Fiona: Tell us your latest news?

Our novel The Hidden Chalice of the Cloud People has been published on the Kindle section of Amazon.com. Huzzah!

 

 
Fiona: When and why did you begin writing?

Leif: Eons ago and because my Muse commanded it should be so!

Jason: I have been writing my entire life, it seems to be part of me.

I have to write daily, like breathing and brushing my teeth.

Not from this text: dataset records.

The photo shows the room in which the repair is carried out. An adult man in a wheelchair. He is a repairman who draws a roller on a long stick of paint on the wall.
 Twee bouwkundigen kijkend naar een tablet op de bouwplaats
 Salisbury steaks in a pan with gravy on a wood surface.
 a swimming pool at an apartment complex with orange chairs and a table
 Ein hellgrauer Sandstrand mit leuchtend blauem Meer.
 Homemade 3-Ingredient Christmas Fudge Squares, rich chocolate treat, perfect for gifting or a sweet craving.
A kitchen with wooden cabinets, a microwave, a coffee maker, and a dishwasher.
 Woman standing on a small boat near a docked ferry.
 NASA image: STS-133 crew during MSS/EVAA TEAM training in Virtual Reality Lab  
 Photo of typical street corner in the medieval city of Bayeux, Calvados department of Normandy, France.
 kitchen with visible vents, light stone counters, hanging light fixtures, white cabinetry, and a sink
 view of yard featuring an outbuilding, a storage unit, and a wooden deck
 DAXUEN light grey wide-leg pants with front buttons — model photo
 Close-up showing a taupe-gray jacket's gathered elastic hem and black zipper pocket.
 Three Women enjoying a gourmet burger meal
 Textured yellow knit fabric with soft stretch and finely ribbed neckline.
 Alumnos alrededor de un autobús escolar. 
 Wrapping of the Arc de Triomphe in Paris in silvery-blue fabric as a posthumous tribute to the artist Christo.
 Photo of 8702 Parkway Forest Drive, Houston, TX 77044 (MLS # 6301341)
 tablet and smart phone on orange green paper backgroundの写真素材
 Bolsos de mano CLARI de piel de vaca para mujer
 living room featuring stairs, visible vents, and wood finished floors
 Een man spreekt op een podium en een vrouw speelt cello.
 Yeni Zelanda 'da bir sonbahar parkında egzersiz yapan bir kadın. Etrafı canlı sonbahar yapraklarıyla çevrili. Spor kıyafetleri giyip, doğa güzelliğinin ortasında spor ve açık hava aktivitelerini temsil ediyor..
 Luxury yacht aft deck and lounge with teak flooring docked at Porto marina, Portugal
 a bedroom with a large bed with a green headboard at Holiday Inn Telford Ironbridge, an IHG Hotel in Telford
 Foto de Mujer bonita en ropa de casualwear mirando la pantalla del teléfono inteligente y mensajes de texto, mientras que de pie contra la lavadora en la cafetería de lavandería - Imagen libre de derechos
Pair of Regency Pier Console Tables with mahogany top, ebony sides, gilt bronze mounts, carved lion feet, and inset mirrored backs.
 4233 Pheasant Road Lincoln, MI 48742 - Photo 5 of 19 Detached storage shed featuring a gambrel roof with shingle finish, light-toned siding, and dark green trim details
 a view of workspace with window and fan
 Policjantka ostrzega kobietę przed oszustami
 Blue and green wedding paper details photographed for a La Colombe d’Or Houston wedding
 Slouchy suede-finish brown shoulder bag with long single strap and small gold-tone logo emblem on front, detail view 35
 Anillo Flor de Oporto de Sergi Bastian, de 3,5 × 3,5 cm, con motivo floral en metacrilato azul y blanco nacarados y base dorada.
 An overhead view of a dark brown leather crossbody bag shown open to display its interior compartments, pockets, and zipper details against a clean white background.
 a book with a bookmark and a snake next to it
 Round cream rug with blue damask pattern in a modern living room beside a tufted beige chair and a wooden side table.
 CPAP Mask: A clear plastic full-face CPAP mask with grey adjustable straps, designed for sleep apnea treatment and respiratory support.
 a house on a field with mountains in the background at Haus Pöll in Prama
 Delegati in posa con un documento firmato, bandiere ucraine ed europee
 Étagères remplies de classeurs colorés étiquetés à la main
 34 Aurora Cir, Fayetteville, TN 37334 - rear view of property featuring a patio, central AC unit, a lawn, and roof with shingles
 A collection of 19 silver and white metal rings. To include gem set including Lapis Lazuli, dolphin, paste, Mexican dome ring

It is a need.

 

 

Fiona: When did you first consider yourself a writer?

Sometime during the writing of this lengthy first manuscript, long before its completion, we crossed the threshold into officially considering ourselves “writers”.

 

 
Fiona: What inspired you to write your first book?

 

A desire to satirize a genre that seems to be running out of original and innovative ideas (whilst progressively growing bleaker) is what inspired our mammoth creation.

 

 

Fiona: Do you have a specific writing style?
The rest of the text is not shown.